WHAT IS REQUIRED:
Set every entry below down once more, exactly as it stands, without images.
*** Begin section ***
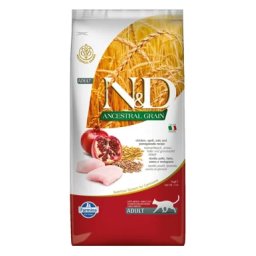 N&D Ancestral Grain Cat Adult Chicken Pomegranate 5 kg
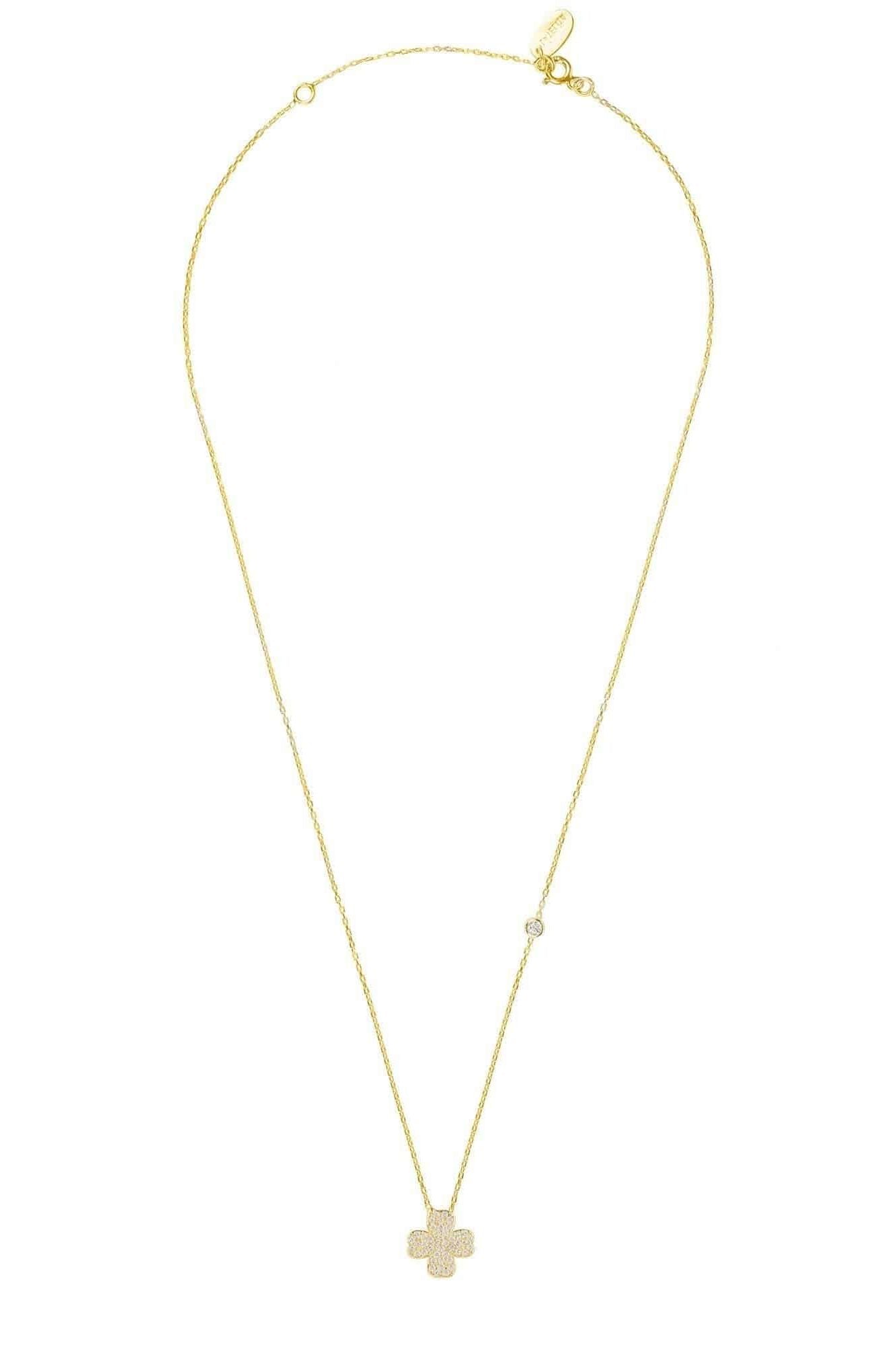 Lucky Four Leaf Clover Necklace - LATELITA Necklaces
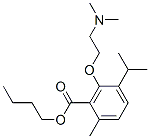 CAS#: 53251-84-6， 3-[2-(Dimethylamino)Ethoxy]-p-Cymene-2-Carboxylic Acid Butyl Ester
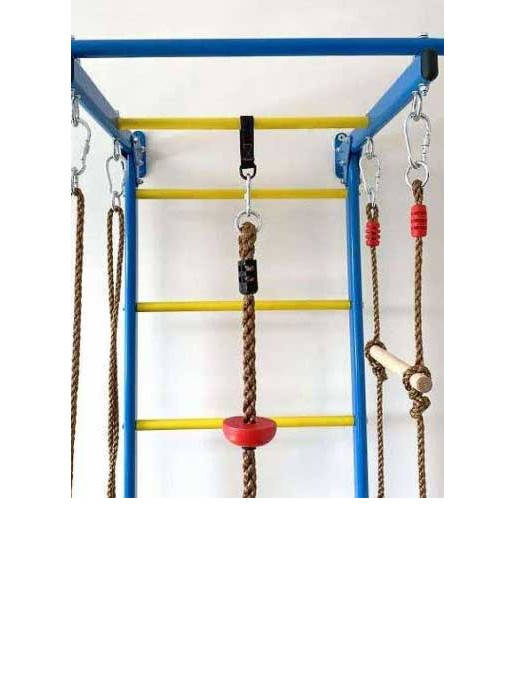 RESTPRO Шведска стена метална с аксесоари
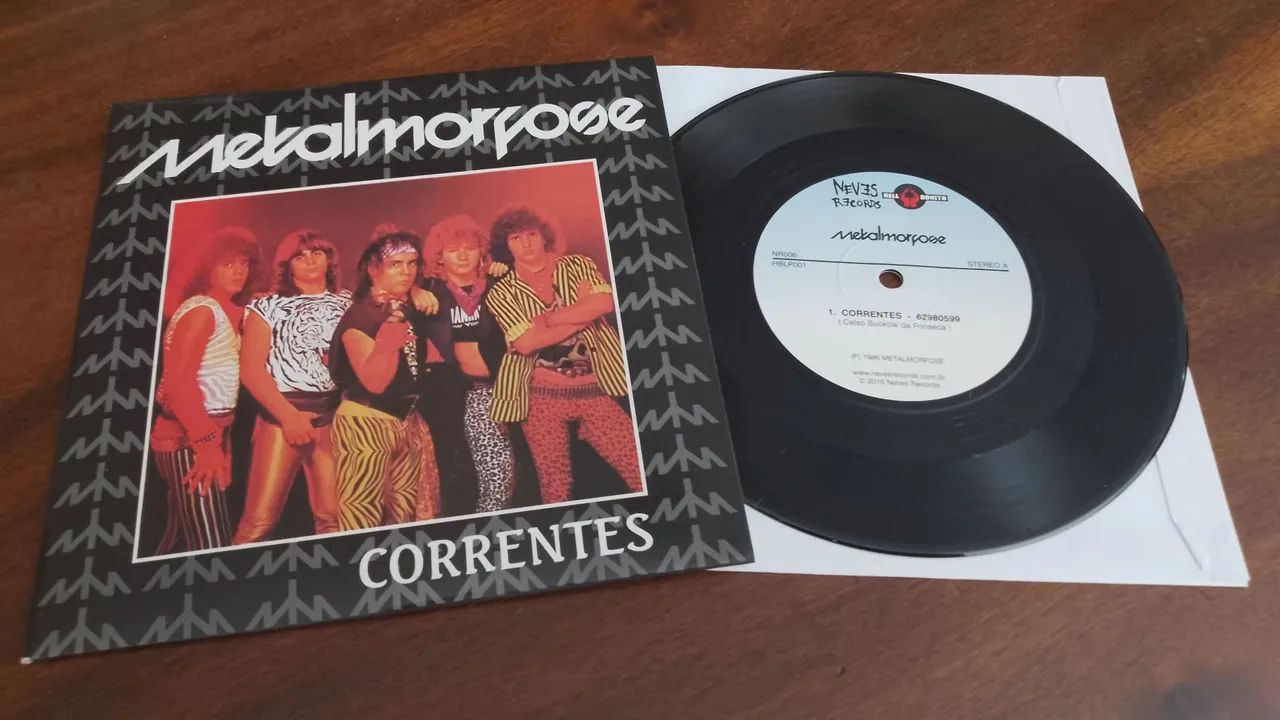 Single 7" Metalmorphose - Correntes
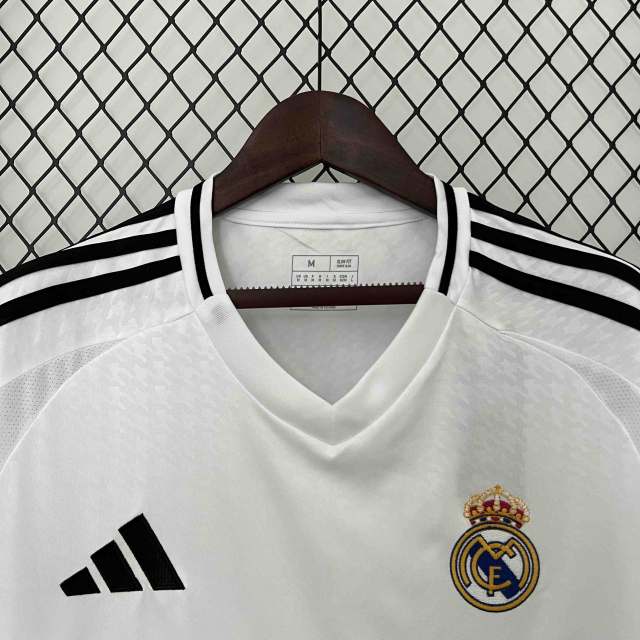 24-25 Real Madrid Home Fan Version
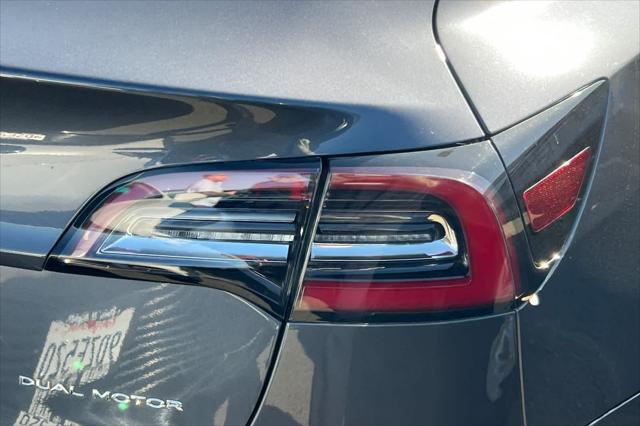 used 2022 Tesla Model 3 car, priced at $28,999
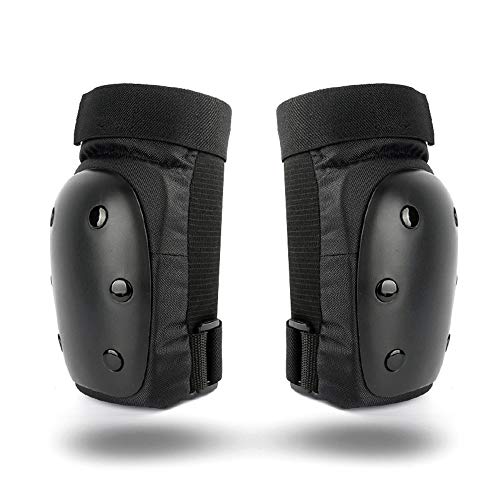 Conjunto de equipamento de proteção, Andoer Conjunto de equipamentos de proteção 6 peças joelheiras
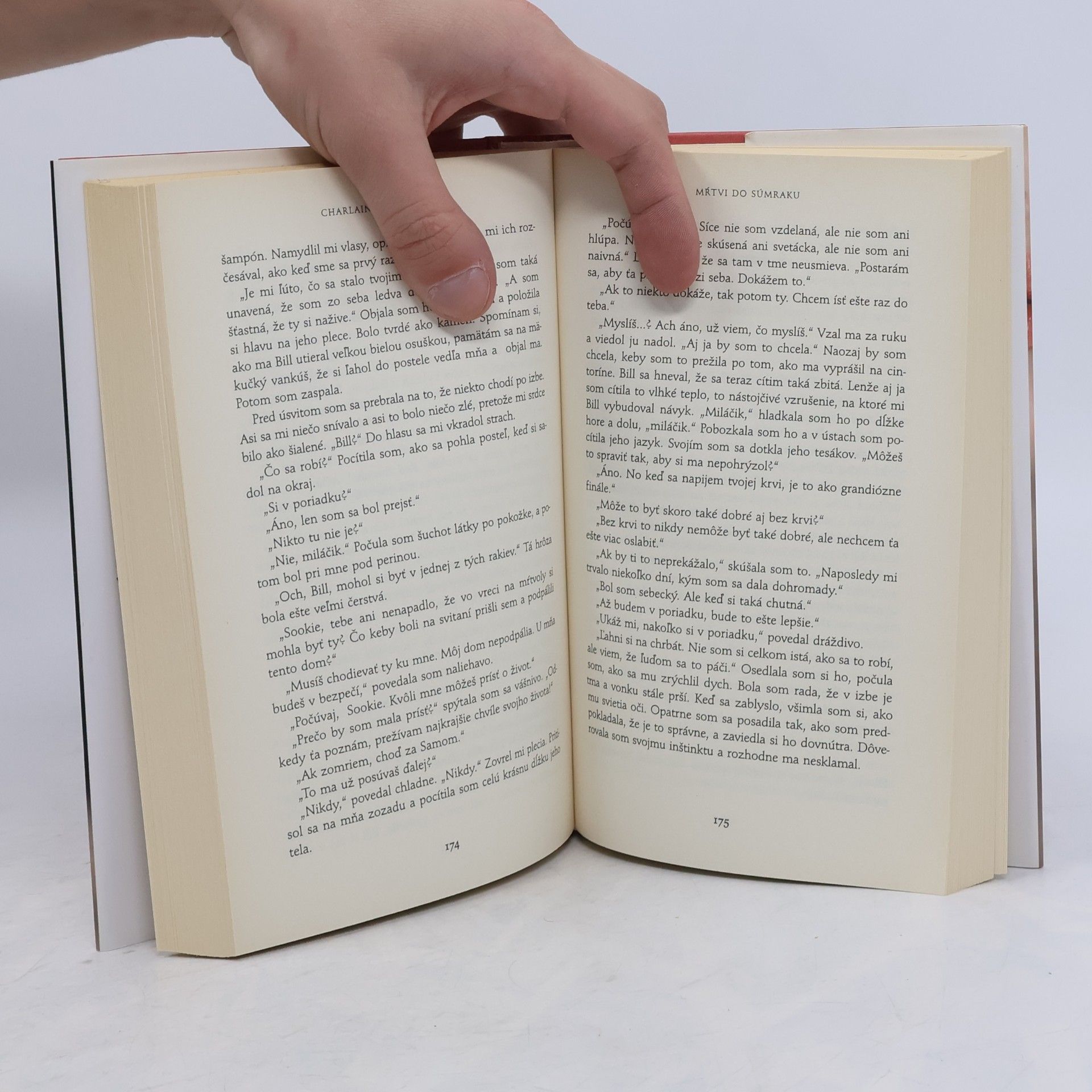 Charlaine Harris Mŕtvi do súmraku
*** End section ***
OUTPUT OF THE TASK:
 N&D Ancestral Grain Cat Adult Chicken Pomegranate 5 kg
 Lucky Four Leaf Clover Necklace - LATELITA Necklaces
 CAS#: 53251-84-6， 3-[2-(Dimethylamino)Ethoxy]-p-Cymene-2-Carboxylic Acid Butyl Ester
 RESTPRO Шведска стена метална с аксесоари
 Single 7" Metalmorphose - Correntes
 24-25 Real Madrid Home Fan Version
 used 2022 Tesla Model 3 car, priced at $28,999
 Conjunto de equipamento de proteção, Andoer Conjunto de equipamentos de proteção 6 peças joelheiras
 Charlaine Harris Mŕtvi do súmraku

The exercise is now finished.